Disaat yang Lain Mendengkur, Andalas Wujudkan Semangat Berkarya
3582 View
Lubangsa_Salah satu budaya santri yang masih kental keberadaannya dan banyak diminati yakni budaya diskusi di pesantren. Dari diskusi seputar sastra, pendidikan, politik hingga ekonomi kerakyatan. Seperti halnya yang dilakukan Sanggar Andalas PP. Annuqayah daerah Lubangsa, Jum’at (13/09) malam mereka antusias melaksanakan diskusi di depan kediaman K. Wahib yang dalam tahap pembaharuan. Suatu kebanggan malam tersebut, mereka sempatkan ngaji puisi sambil ngopi bersama Abdullah Mamber, alumni asal kelahiran Banuaju-Barat Batang-Batang, termasuk juga mantan ketua Sanggar Andalas.
Diskusi yang dikemas dengan bedah karya itu berlangsung efektif, karya puisi yang ditulis Dimas Ariezta dikemukakan banyak masalah yang perlu dibenarkan bersama. Nuril S. Zaini selaku pengulas menganggap dalam puisi tersebut hanya berhasil dalam konteks struktural, tetapi gagal secara penafsiran. Sehingga pembaca tidak harus banyak berpikir untuk menyelami puisi tersebut.
Tepat pukul 11.55 WIB diskusi sedang hangat-hangatnya dibicarakan, hampir semua kritik yang disampaikan sama. Sebagaiman disampaikan Hafil, “dari soal kedangkalan logika penulis, pengendapan yang kurang, hingga ketebalan majas yang kurang diperhatikan membuat pembaca tidak perlu lagi berpikir panjang,” tutur santri asal Silobanteng, Banyuglugur, Situbondo itu, yang saat ini pemangku Sanggar Andalas. “Seorang penyair itu harus keluar dari zona nyaman, berusaha membaca alam, dan peka terhadap lingkungan,” lanjutnya sambil senyum.

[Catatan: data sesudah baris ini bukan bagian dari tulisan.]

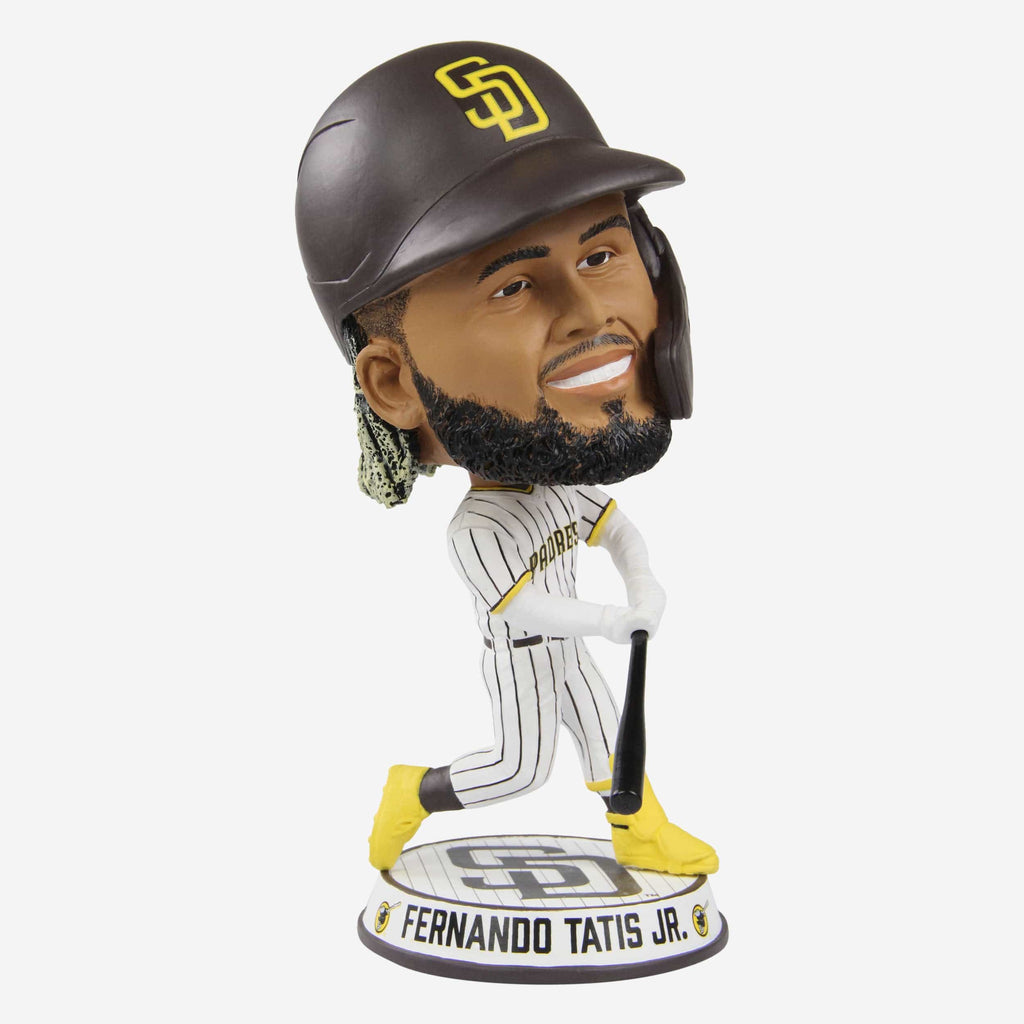 Fernando Tatis Jr. San Diego Padres Bighead Bobblehead FOCO - FOCO.com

“Menulis puisi tidak mudah, kecuali bagi orang jatuh cinta. Ya, begitulah kata seseorang,” ucap Abdullah Mamber mengawali komentarnya yang pada akhirnya pembicaraan malam itu semakin meluas dan mendalam. Cerita-cerita, serta motivasi yang disampaikannya menghadirkan pengetahuan baru. “Seorang penyair harus menguasai kata dalam kamus, makanya disaat Sitok Srengenge belajar pusi pada Ws. Rendra, dia disuruh mengahafal kata dalam kamus. Untuk lebih memperkaya perbendaharaan kata dalam puisinya,” lanjut Mamber sapaan akrabnya, “Cobaan bagi seorang penulis puisi, biasanya ia tergesa-gesa pada karyanya, ini perkataan alm. K. Zammiel el-Muttaqin, yang jelas puisi yang berjiwa tidak mudah. Ingat, bagi saya puisi yang dibedah ini bukan gampang dimengerti akan tetapi gelap, karena puisi yang gelap, ketika tidak terukur pemilihan kata-katanya. Yang biasanya orang mengambil bahasa ‘Aku’ dalam pusinya, namun tidak universal,” tambahnya.
Setelah komentar dari alumni selesai, lalu temen-temen Andalas masih melajutkan bedah karya puisi yang ke dua, meski alumni tersebut pamit duluan malam itu. Tidak berselang lama, karena masalah puisi yang pertama dan yang kedua tidak jauh berbeda. Mereka menutup diskusi malam itu di jam 00.35 Wib. Hampir setiap malam Andalas tidak lepas dengan budaya ngopi dan diskusi seperti ini, disaat santri yang lain mendengkur, Andalas wujudkan semangat berkarya.